McCain also had last-minute help from Senator Mel Martinez and Governor Charlie Crist. The Martinez endorsement was influential with south Florida Hispanics who hope for a more flexible plan to deal with the nation’s illegal immigrants. And Governor Crist had long been in the Giuliani camp, his last-minute switch from Giuliani to endorse the Arizona senator further helped McCain. (Rumors are Crist brokered his support to McCain for Vice President consideration but the McCain camp is denying it.) Jeb Bush, whose former campaign team and staffers ran the Romney effort, personally stayed out of the endorsement bidding process, hurting the former Massachusetts governor.
And who may be making the best case for V.P.?
Mike Huckabee finished fourth, right behind Giuliani but had a successful week of fundraising in the state. He remains the least talked about candidate in national media circles, but he may be holding the keys to the White House.
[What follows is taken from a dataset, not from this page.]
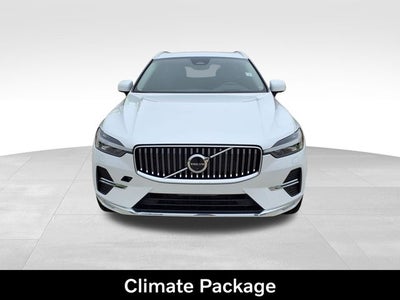 2023 Volvo XC60 B5 Ultimate Bright Theme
Not for himself, mind you, but for another.
Many agree that the results in Florida are a good sampling that mirrors the country as a whole. In light of that, look at how Huckabee faired with the evangelical base. Remember, they are voters that Romney also needed to win in Florida as well in future contests.
According to Florida exit polling conducted by Edison Media Research, among those who identified themselves as evangelical Christians, McCain received 30 percent, Romney 29 percent and Huckabee 29 percent. This three-way split of the “values” vote indicates confusion within the base, probably over Huckabee’s electability and the division of who, among the other two contenders, is best suited to carry the social conservative agenda.
While the split casts doubt about Mike Huckabee’s ability to win outright in other states, it clearly shows a solid base for the governor that will allow him to collect a respectable amount of delegates in non winner-take-all states.